We earn a commission from qualifying Amazon purchases at no extra cost to you. Learn more
The most portable set I've tested at this price. The snap-close tin survived two camping trips without a single cracked pan. But you're trading paint quality for that portability — chalky colors, no lightfastness data, and a water brush that needs replacing. For travel sketching that lives in a sketchbook, hard to beat. For a primary beginner set, Tobios gives you better pigment and a complete kit for similar money.
Quick Specs
What's in the Box
Sakura have been making the Koi tin in roughly this configuration for years, and the included kit is more complete than most sets in this price range. You get a 9ml water brush, two small cellulose sponges, and a detachable mixing palette that snaps onto the outside of the tin. The 24 half-pans are molded into a single plastic tray — they're not individually swappable, which is a limitation I noticed immediately after losing a few colors to heavy use.

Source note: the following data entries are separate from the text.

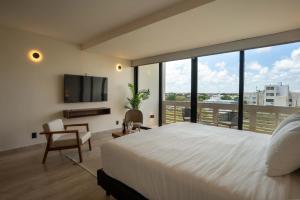 a bedroom with a large white bed and a large window at Work and Relax Studio with Rooftop and Workspace in Cancún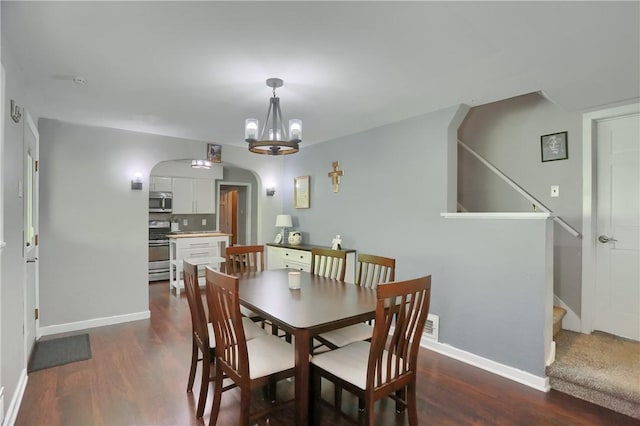 866 Connolly Ave, South Park, PA 15236 - dining room with dark wood-type flooring, arched walkways, stairs, and a chandelier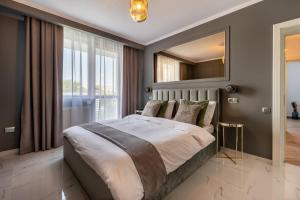 a bedroom with a large bed and a mirror at Urbio Private Suites in Cluj-Napoca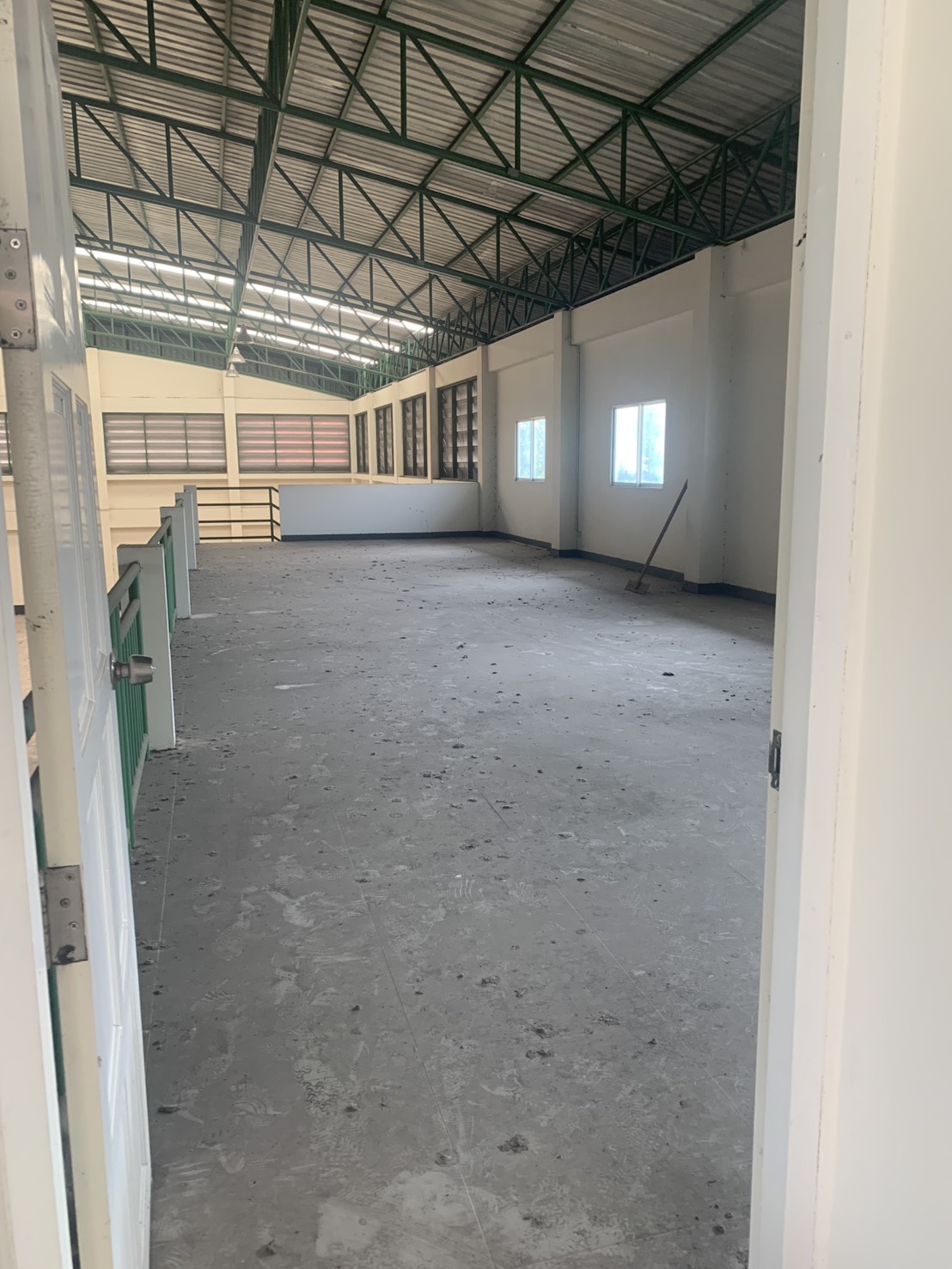 Warehouse for rent in Lam Luk Ka, Pathum Thani - Spacious mezzanine floor beneath green steel trusses inside a high-clearance warehouse.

The tin itself is the standout. Genuinely pocket-sized — I've carried it in a jacket pocket on three hikes along the Columbia River Gorge trail without it adding noticeable weight or bulk. The magnetic snap holds tight. Not once did it open in my bag. That's not a given with sets in this range; I've had cheaper tins pop open and scatter sponges across the bottom of a daypack.
Performance
Pigment Quality and Transparency
This is where the Koi set shows its student-grade limitations most clearly. Sakura doesn't publish pigment codes or formulas — you get color names only. After twelve sessions testing on both Arches 140lb cold press and cheaper Canson XL, I found the colors consistently more opaque than I expected from watercolor. They behave closer to gouache in how they sit on the paper's surface rather than sinking into it.
Single-color washes work well — the blue-greens and earth tones in particular hold up. Mixing is where things get chalky fast. Combine more than two colors and you're fighting that opaque, matte quality. It doesn't have the luminous glow you get with transparent pigments on white paper. For illustration work in sketchbooks where you're layering over pencil lines anyway, this matters less. For anything involving transparent glazing technique, it matters a lot.
Portability
Three weeks of field testing on the Columbia River Gorge trail later, I can say this: the Koi tin is genuinely the most pocketable full-palette setup I've taken into the field. It weighs almost nothing and fits in the breast pocket of a hiking shirt. No other 24-color set I've tested comes close on size.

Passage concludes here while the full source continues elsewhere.